On stem cell research, new science is showing that adult stem cells may fulfill the objectives originally believed to be achieved only with embryos. Which science will prevail in such cases? Will it be real science, or the “science” that supports the objectives of the liberal wing of the Democratic Party?

Read the whole thing here at Townhall.Com. You do not have to register.

I do not think President Obama’s (and we can call him President Obama now – respectfully and appropriately) precisely vague rhetoric was accidental. I am beginning to suspect that people employ vague rhetoric when they assume the debate over certain issues is over and we already know the right answer. Yes there may be some who still offer contrary opinions (on how to govern, the role of government, on the rightful place of science) but their voices are neatly dismissed and marginalized by not even being mentioned.

I acknowledge this interpretation is ungenerous and possibly incorrect. Let me offer further evidence.

Yuval Levin picked up on this theme (dismissing opposing points of view):

The most problematic parts of the speech, for me, had to do with the theme that always bothers me at such occasions: the dismissal of political differences as insignificant and petty products of irresponsibility, rather than of serious and meaningful disagreements about how our country should govern itself. What possible sense could be made of this passage in the speech?

On this day, we come to proclaim an end to the petty grievances and false promises, the recriminations and worn out dogmas, that for far too long have strangled our politics. We remain a young nation, but in the words of Scripture, the time has come to set aside childish things.

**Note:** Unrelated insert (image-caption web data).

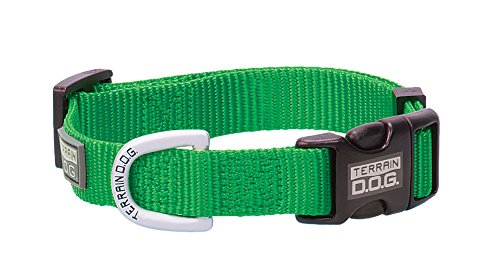 Collar de nylon ajustable para perro Terrain D.O.G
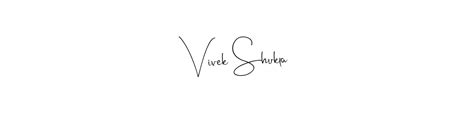 77 Vivek Shukla Name Signature Style Ideas New Online Signature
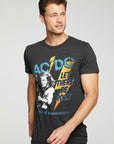 AC/DC Live At Donington Mens Tee MENS chaserbrand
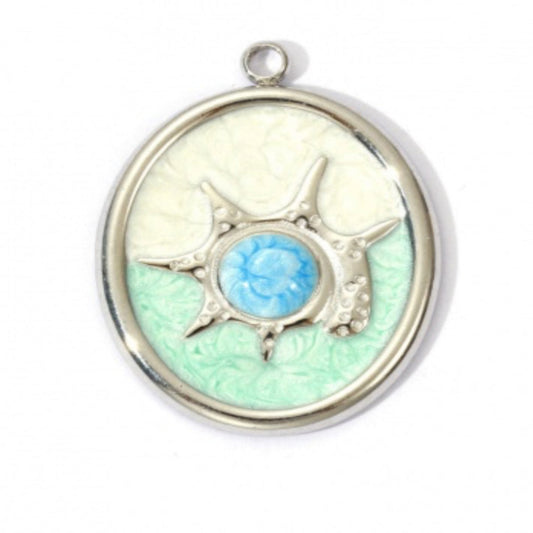 Sea Snail Charm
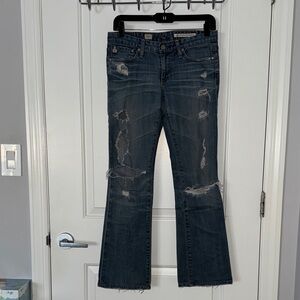 AG Adriano Goldschmied Angel Boot Cut Jeans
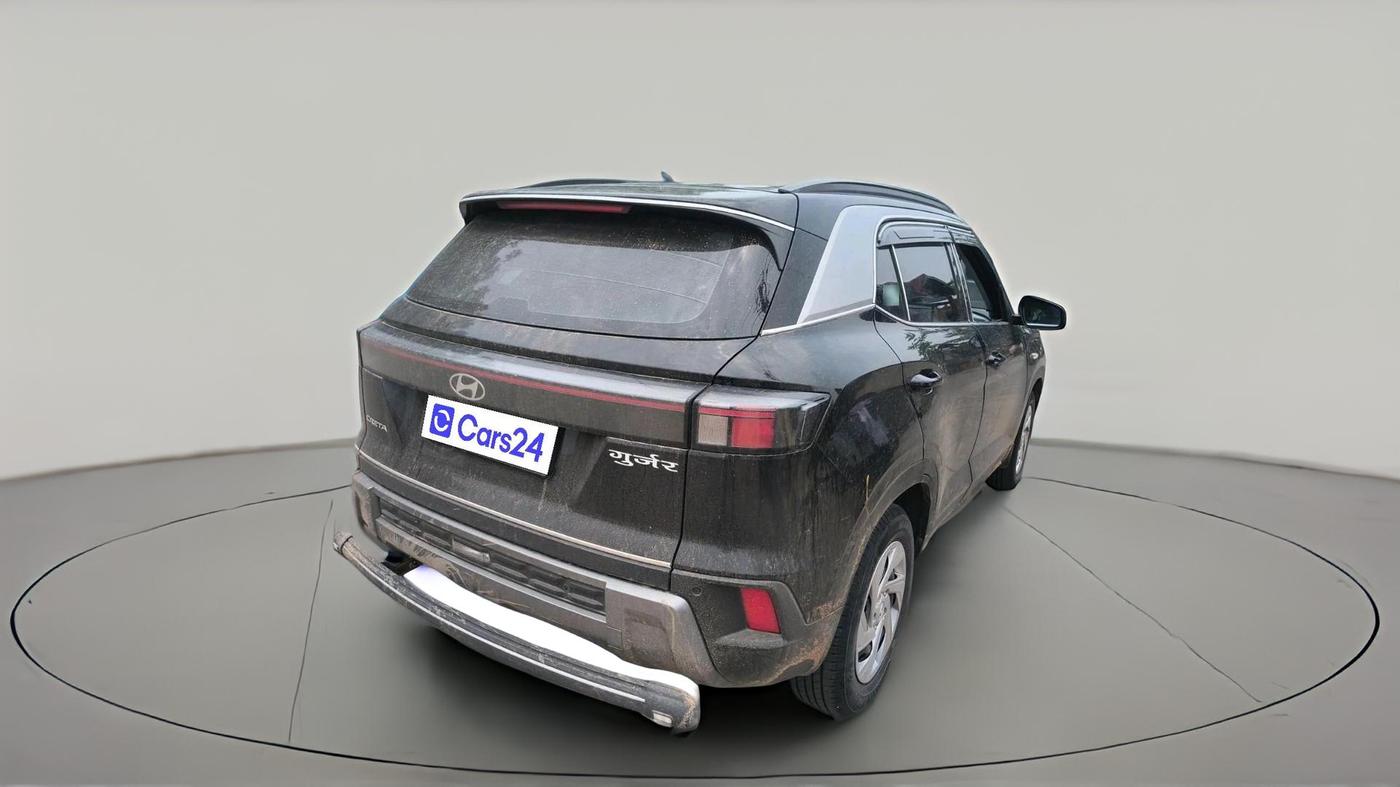 2025 Hyundai Creta E 1.5 PETROL, Petrol, Manual, 11,183 km, exterior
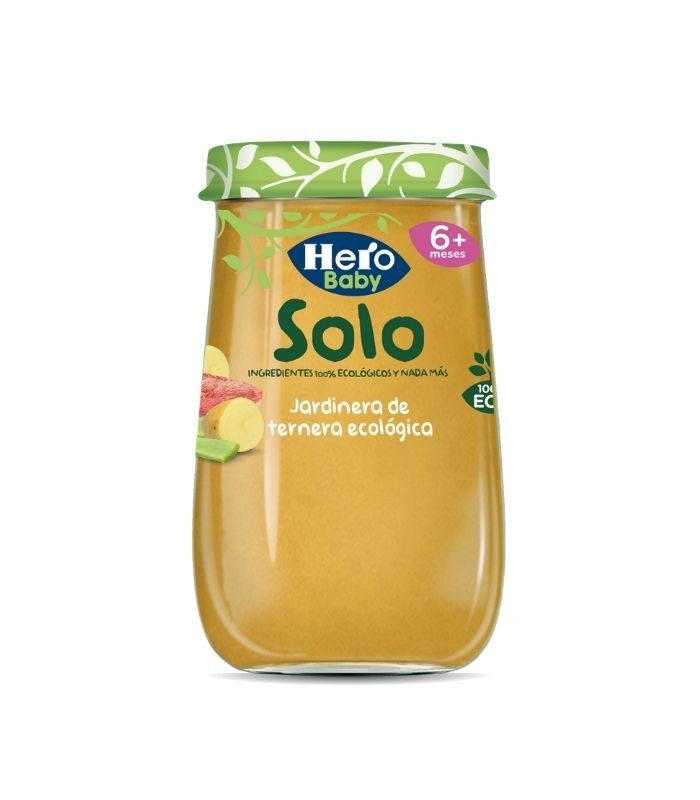 HERO SOLO CREMA TERNERA JARDINERA ECO 190G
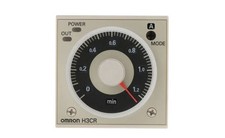 Omron H3CR Series DIN Rail Panel Mount Timer Relay 100-125V dc 100-240V ac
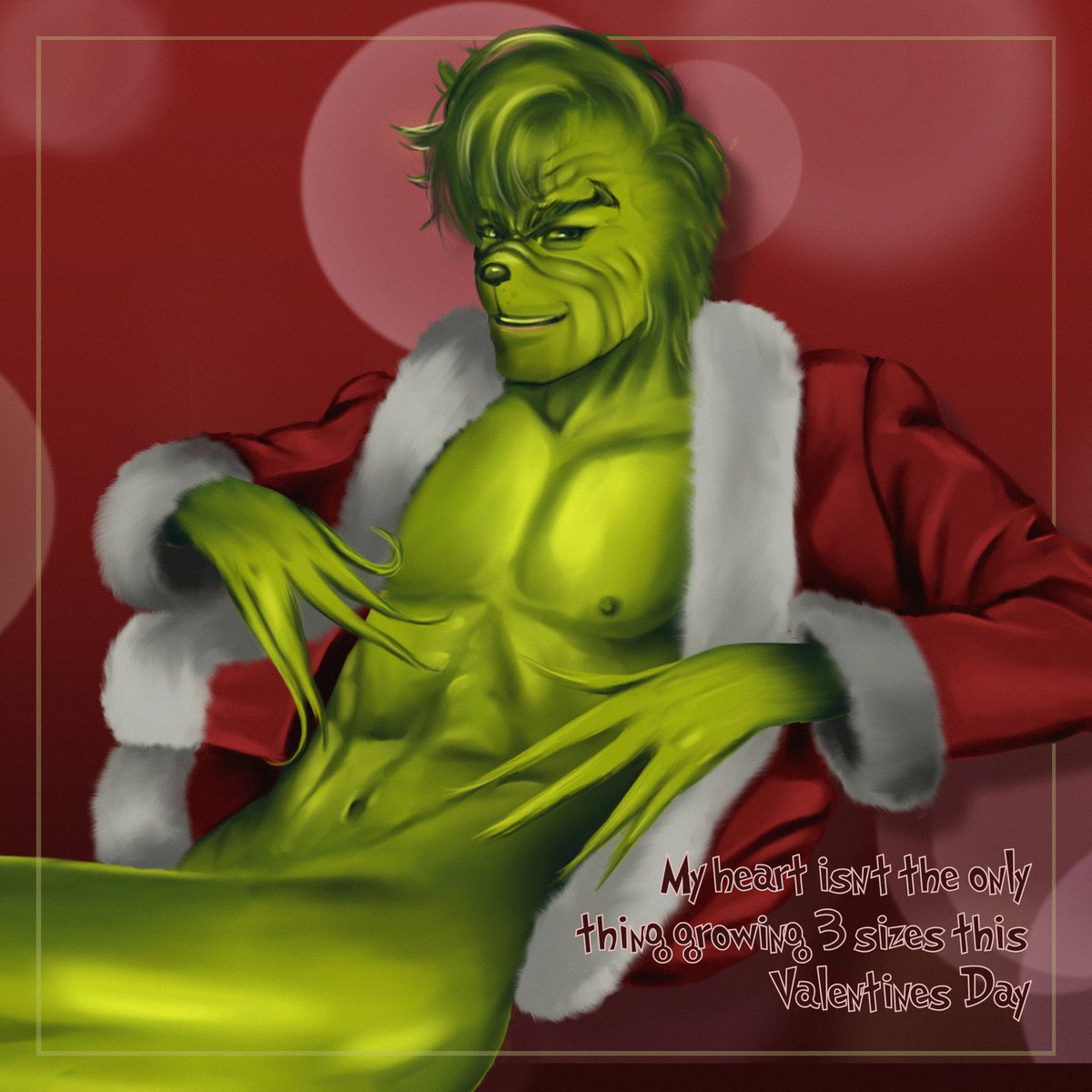 grinch will give you his bad banana ;) happy valentines ~ #grinch #unhinged #enjoy #ValentinesDaycard #foul #absolutelyfoul4you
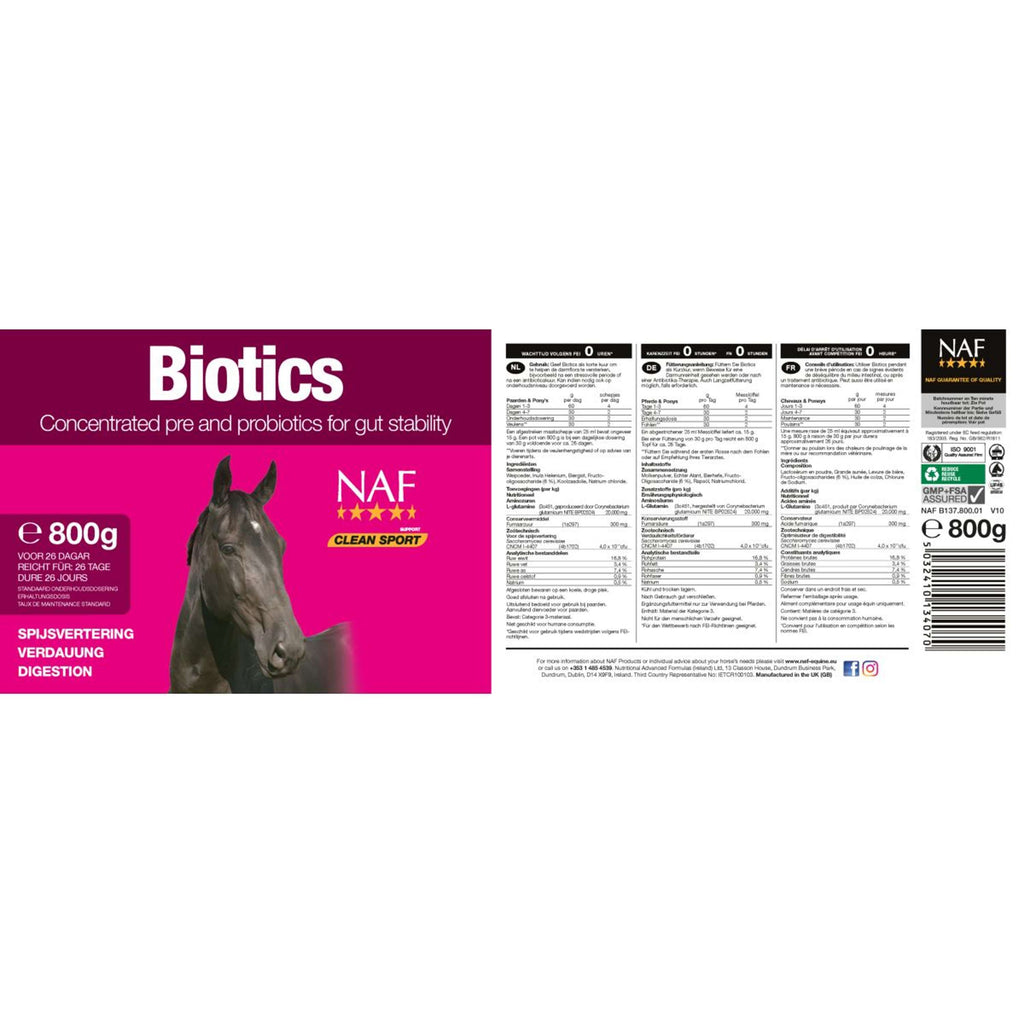 NAF Biotici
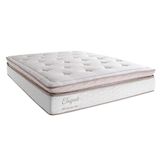 Colchão King Molas Ensacadas Masterpocket Elegant Pillow Top (193x203x34) - Herval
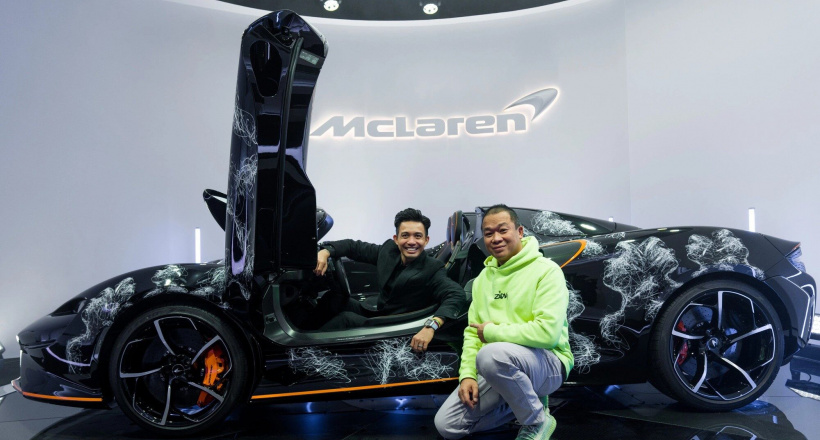 Chiêm ngưỡng chiếc McLaren Elva của Minh Nhựa và đặc quyền chính hãng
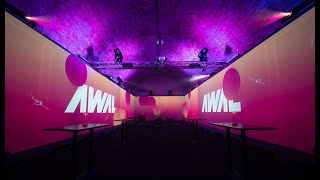 Immersive promotion event at Aures London for AWAL [upl. by Delp]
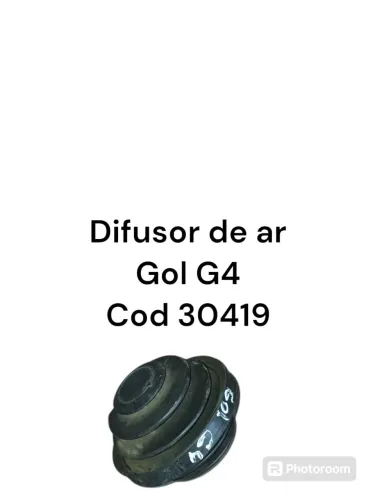 Difusor De Ar Condicionado Gol G4 Cod 30419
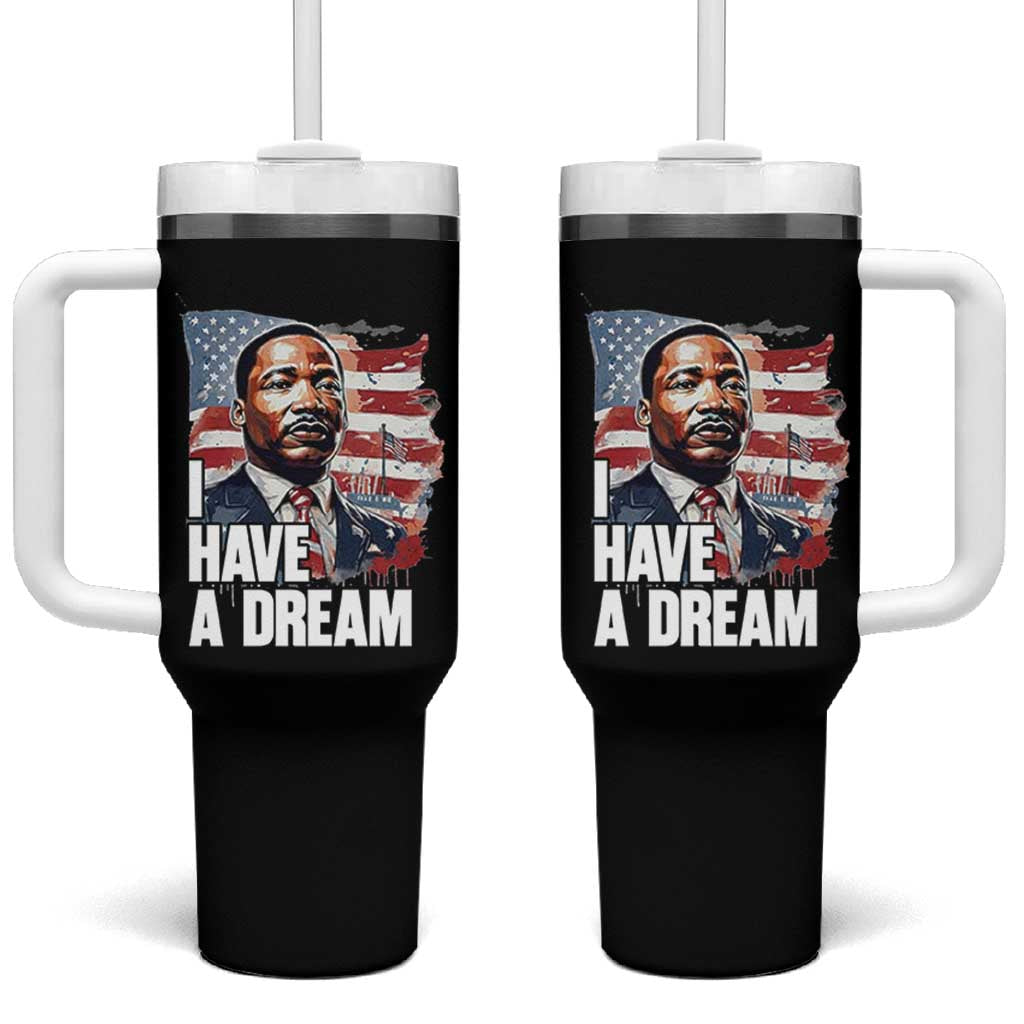 Martin Luther King Jr Tumbler With Handle I Have A Dream - Wonder Print Shop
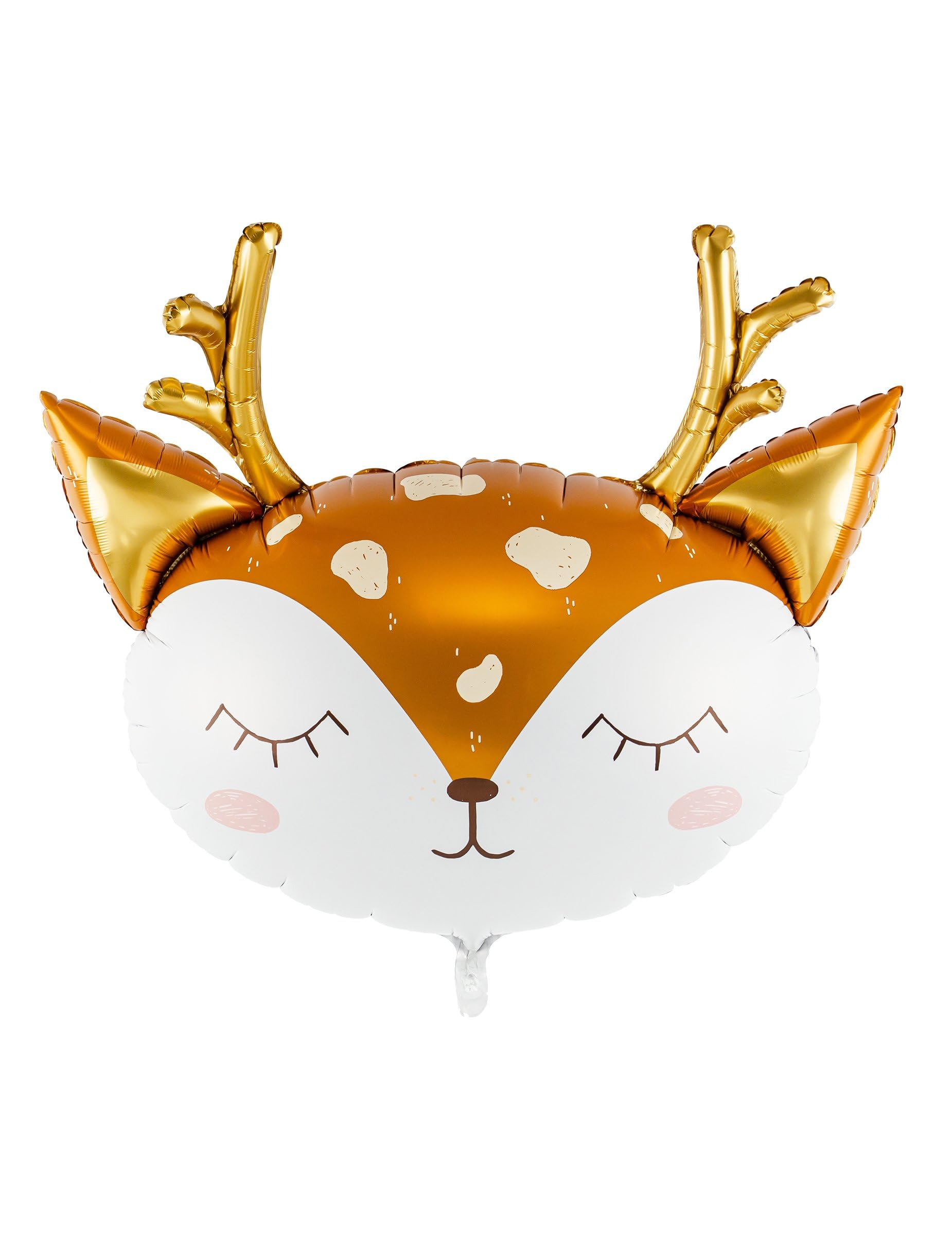 Party Deco Deer Head Mylar Balloon 78cm x 94cm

Is everything that preceded the coming of Obama in our politics childish and petty? Every president calls for replacing partisanship with responsibility—Obama’s call on this front can be found almost verbatim in Bush’s 2000 campaign speeches. But maybe the reason it never works is that partisanship very often is responsible, and our disagreements are not childish things but serious substantive debates about important subjects, given form by some profound differences in worldview.

Read the whole thing here at National Review Online. You do not have to register.

And what exactly is meant by “childish things”? The implication is that we have been children and engaged in childish things. Until now. Until President Obama.

George Will noticed the sub-text that Americans do not have a problem. We are a problem.

That was the nation’s response to Barack Obama’s inaugural address, even though — or perhaps because — one of his themes, delicately implied, was that Americans do not just have a problem, they are a problem.

“The time has come,” he said pointedly, “to set aside childish things.” Things, presumably, such as the pandemic indiscipline that has produced a nation of households as overleveraged as is the government from which the householders insistently demand more goods and services than they are willing to pay for. “We remain,” the president said, “a young nation.” Which, even if true, would be no excuse for childishness. And it is not true. The United States is older, as a national polity, than Germany or Italy, among many others.

Read the whole thing here. You do not have to register.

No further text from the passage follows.